▶ TASK PROMPT
Only one stretch of the data below should be repeated: the lines from the line containing "Geologist's Rock Hammer" through the line containing "Real 14k Gold", inclusive, exactly as they are.
RECORDS PROVIDED START
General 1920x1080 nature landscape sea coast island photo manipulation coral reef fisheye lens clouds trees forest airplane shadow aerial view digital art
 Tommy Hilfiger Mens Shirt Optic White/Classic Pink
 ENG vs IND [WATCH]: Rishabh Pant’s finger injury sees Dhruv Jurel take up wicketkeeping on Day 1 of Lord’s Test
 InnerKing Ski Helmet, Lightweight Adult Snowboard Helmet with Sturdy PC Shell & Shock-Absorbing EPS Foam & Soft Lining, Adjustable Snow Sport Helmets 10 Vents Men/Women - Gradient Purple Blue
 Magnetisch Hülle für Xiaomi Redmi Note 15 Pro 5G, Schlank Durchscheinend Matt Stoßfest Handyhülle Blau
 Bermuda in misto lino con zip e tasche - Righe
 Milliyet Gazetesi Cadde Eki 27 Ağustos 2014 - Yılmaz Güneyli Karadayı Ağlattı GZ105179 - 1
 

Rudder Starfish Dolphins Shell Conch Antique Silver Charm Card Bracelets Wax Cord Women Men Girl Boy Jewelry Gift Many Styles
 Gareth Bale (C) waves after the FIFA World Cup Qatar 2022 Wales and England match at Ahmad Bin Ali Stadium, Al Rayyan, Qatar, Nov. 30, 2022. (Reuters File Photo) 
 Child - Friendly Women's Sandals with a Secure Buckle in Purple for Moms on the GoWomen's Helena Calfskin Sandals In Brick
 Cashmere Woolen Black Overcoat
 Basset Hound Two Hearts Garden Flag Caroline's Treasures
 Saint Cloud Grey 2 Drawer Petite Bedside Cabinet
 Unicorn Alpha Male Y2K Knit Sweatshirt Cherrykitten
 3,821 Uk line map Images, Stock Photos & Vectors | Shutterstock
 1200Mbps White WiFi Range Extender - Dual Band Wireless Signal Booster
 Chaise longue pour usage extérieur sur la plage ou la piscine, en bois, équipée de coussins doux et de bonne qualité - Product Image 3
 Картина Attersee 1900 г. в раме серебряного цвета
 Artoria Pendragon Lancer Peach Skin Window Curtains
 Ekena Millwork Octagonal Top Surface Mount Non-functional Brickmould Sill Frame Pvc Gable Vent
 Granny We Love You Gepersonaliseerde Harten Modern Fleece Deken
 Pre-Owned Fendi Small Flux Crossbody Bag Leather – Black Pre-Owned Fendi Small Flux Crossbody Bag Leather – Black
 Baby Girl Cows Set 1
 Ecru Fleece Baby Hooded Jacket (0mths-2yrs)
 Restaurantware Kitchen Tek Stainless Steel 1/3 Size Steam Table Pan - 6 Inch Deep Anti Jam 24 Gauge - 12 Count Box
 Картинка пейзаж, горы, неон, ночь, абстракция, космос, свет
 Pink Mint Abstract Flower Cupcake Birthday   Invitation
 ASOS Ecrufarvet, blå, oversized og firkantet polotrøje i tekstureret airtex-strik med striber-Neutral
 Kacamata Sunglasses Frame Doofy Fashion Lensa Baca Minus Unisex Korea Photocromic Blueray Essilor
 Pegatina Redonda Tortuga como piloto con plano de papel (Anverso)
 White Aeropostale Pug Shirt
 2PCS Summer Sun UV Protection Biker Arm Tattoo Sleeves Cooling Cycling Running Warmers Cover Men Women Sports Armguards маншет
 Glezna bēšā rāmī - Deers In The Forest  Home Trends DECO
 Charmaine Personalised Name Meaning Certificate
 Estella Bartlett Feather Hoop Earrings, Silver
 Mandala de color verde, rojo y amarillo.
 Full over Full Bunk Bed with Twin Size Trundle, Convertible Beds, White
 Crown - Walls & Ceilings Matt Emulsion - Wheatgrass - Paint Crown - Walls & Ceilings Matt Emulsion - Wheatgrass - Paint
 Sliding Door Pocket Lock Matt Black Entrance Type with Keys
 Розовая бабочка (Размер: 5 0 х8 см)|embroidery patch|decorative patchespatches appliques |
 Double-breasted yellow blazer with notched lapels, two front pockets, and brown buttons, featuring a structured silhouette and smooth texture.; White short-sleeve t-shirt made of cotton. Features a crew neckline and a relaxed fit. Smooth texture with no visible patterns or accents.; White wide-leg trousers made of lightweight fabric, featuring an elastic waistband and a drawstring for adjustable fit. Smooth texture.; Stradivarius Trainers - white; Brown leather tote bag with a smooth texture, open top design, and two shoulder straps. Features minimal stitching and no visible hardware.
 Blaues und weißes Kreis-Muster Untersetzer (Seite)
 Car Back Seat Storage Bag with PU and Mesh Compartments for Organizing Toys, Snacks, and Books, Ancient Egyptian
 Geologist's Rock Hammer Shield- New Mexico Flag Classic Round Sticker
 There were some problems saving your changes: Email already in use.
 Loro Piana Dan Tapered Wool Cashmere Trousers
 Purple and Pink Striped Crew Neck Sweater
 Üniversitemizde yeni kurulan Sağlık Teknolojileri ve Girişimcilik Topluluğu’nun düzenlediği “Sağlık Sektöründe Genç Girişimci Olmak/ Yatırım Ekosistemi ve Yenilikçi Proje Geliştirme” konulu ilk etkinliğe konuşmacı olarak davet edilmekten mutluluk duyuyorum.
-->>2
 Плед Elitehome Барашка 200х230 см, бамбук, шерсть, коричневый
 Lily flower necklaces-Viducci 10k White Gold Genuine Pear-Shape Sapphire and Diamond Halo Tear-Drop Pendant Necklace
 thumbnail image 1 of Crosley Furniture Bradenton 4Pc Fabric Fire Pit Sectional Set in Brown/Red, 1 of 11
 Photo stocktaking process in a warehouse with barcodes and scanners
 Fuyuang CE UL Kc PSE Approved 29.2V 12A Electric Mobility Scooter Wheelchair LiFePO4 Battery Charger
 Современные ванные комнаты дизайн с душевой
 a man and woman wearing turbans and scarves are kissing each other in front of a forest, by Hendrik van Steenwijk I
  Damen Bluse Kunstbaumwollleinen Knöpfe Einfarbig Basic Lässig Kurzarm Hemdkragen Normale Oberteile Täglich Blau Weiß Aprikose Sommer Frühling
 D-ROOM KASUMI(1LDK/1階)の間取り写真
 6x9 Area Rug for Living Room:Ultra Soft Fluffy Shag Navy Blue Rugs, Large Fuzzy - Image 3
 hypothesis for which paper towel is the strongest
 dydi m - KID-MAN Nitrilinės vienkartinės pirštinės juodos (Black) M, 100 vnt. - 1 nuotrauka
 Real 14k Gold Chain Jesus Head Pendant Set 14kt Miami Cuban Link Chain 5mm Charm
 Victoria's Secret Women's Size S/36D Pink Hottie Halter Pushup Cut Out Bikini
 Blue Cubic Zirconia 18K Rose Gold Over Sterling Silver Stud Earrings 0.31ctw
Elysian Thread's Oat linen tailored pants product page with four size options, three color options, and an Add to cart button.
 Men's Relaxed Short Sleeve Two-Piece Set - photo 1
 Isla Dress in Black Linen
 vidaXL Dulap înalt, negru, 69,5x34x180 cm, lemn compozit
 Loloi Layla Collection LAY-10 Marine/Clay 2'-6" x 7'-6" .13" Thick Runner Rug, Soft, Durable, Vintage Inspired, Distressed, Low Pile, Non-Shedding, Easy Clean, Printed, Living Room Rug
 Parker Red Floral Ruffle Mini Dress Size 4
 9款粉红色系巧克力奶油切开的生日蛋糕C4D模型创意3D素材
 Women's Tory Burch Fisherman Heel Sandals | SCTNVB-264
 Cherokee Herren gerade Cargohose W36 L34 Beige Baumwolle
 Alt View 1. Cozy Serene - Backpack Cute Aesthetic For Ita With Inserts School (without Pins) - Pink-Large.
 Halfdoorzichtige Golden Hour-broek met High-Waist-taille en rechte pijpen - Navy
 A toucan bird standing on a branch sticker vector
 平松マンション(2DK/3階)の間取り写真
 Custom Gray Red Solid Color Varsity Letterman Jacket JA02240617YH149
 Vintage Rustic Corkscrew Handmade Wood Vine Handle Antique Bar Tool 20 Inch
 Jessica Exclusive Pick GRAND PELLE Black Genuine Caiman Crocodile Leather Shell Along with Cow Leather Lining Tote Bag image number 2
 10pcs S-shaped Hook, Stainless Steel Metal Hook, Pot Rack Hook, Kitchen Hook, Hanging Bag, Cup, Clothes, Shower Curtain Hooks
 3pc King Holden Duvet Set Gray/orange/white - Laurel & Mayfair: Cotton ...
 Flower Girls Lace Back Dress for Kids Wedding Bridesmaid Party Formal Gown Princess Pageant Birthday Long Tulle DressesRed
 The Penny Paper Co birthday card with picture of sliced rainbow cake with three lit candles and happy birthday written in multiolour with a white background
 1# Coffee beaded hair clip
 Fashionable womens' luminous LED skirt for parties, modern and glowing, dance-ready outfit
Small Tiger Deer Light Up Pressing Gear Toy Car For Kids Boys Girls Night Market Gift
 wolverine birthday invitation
RECORDS PROVIDED END
▶ EXPECTED ANSWER
 Geologist's Rock Hammer Shield- New Mexico Flag Classic Round Sticker
 There were some problems saving your changes: Email already in use.
 Loro Piana Dan Tapered Wool Cashmere Trousers
 Purple and Pink Striped Crew Neck Sweater
 Üniversitemizde yeni kurulan Sağlık Teknolojileri ve Girişimcilik Topluluğu’nun düzenlediği “Sağlık Sektöründe Genç Girişimci Olmak/ Yatırım Ekosistemi ve Yenilikçi Proje Geliştirme” konulu ilk etkinliğe konuşmacı olarak davet edilmekten mutluluk duyuyorum.
-->>2
 Плед Elitehome Барашка 200х230 см, бамбук, шерсть, коричневый
 Lily flower necklaces-Viducci 10k White Gold Genuine Pear-Shape Sapphire and Diamond Halo Tear-Drop Pendant Necklace
 thumbnail image 1 of Crosley Furniture Bradenton 4Pc Fabric Fire Pit Sectional Set in Brown/Red, 1 of 11
 Photo stocktaking process in a warehouse with barcodes and scanners
 Fuyuang CE UL Kc PSE Approved 29.2V 12A Electric Mobility Scooter Wheelchair LiFePO4 Battery Charger
 Современные ванные комнаты дизайн с душевой
 a man and woman wearing turbans and scarves are kissing each other in front of a forest, by Hendrik van Steenwijk I
  Damen Bluse Kunstbaumwollleinen Knöpfe Einfarbig Basic Lässig Kurzarm Hemdkragen Normale Oberteile Täglich Blau Weiß Aprikose Sommer Frühling
 D-ROOM KASUMI(1LDK/1階)の間取り写真
 6x9 Area Rug for Living Room:Ultra Soft Fluffy Shag Navy Blue Rugs, Large Fuzzy - Image 3
 hypothesis for which paper towel is the strongest
 dydi m - KID-MAN Nitrilinės vienkartinės pirštinės juodos (Black) M, 100 vnt. - 1 nuotrauka
 Real 14k Gold Chain Jesus Head Pendant Set 14kt Miami Cuban Link Chain 5mm Charm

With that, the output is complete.